ImFree2doasiwant · 07/12/2021 19:05

I'm at my wits end with him. Dc1 is not like it at all, never has been. Ds2 has been doted on,and somewhat indulged as a toddler, by GPS but still had the same upbringing as ds1.

DM picks both dc up from school for me 1 day a week. There is literally no way around this other than me giving up work, and being unable to pay the mortgage.

Each time, I'm getting home to find he's refused to eat dinner, has been rude, and badly behaved. He refuses to say goodbye, or days it in such an offhand unpleasant way. It's upsetting my parents, and it's upsetting me that I'm stuck in this situation.

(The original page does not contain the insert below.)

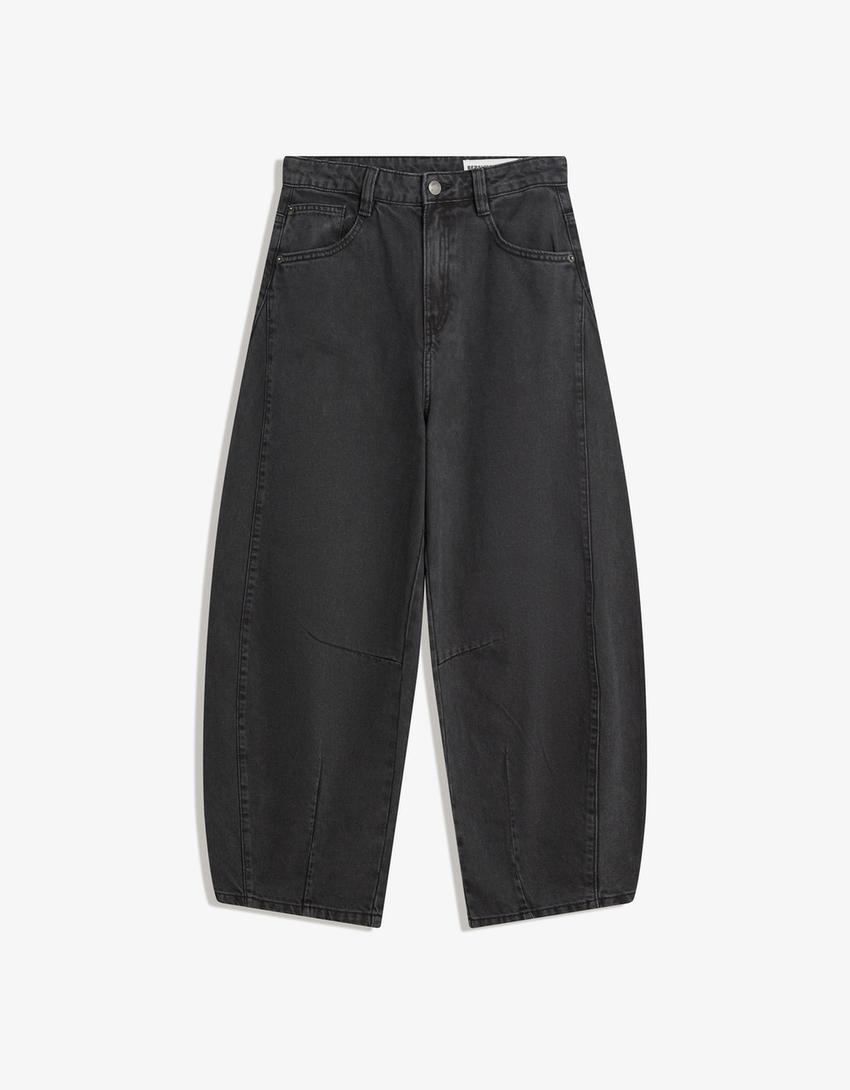 Pantalon barrel fit cropped-Gris-3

Hes said that he wants me to pick him up. I do all drop offs and all pick ups apart from this 1

I don't know how to deal with it.

OP posts:
ImFree2doasiwant · 08/12/2021 07:45

Many of the things suggested we already do. I have just said i was upset when i posted, so maybe it wasn't worded how you would have preferred. I came for advice and am taking it on board. Have you read my posts at all?

OP posts:
whitehorsesdonotlie · 08/12/2021 07:53

@Imdreamingofapeacefulxmas

Oh gosh giant kitten would you really be so incredibly hard on a four year old who just wants his mum? Really??
What did she say that was 'incredibly hard'?? She was sensible. There have to be some consequences. A child of almost 5 is old enough to understand that.
Pumperthepumper · 08/12/2021 07:54

@whitehorsesdonotlie no he isn’t. A four year old will not connect a punishment with poor behaviour, because he can’t control his behaviour anyway. Punishing him in retrospect for behaviour he can’t control won’t work. It’ll just make him more unhappy.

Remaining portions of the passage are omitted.